Identifying Sources Of Silent Data Corruption

Rooting out the causes of silent data corruption errors will require testing improvements and much more.

popularity

Silent data errors are raising concerns in large data centers, where they can propagate through systems and wreak havoc on long-duration programs like AI training runs.

SDEs, also called silent data corruption, are technically rare. But with many thousands of servers, which contain millions of processors running at high utilization rates, these damaging events become common in large fleets. And while mission-mode testing is catching more SDEs, detecting all corruption errors is proving more complex than expected, requiring potential changes to design, manufacturing, DFT, test, and hardware and software operations.
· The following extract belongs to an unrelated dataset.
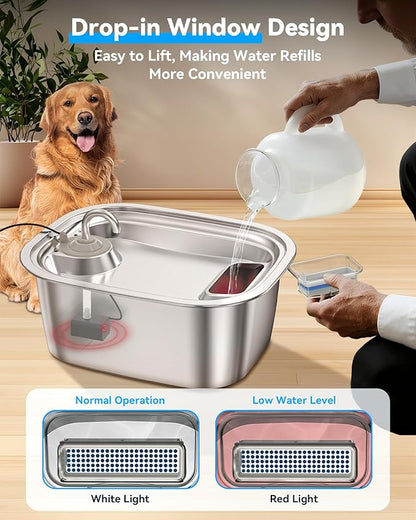 3 Gal Stainless Steel Dog Water Fountain for Large Dog, Pet Fountain Water Bowl Automatic Dispenser with Top Window & LED, Supet Quiet Pump for Multi Pet Home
“Silent data corruption happens when an impacted device inadvertently causes unnoticed errors in the data it processes,” said Jyotika Athavale, director of engineering architecture at Synopsys. “An impacted CPU might miscalculate data silently (i.e., without any indication of the data corruption). Given that today’s compute-intensive machine learning algorithms are running on tens of thousands of nodes, these corruptions can derail entire datasets without raising a flag, and they can take many months to resolve. This can result in massive cost implications. And the complexity and scale of the problem also make it difficult to take proactive measures. Moreover, since chips have long production cycles, SDC fixes can take several years before they are reflected in new hardware.”

Silent data errors are particularly vexing because they do not originate from any one source or mechanism. “There is a plethora of possible root causes when it comes to SDCs,” said Andrzej Strojwas, CTO at PDF Solutions. “People claim that the most likely culprit is test escapes, but a lot of these faults are not going to manifest themselves until they are exercised in real-world conditions. So leakage is one systematic defect you have at the transistor level because of the ridiculous tolerances and all the different layout patterns. The sensitivity to particular patterns can be missed in the testing and become reliability issues. Yet another category is aging, which results in changes in threshold voltages. All of these can be addressed with appropriate test structures.”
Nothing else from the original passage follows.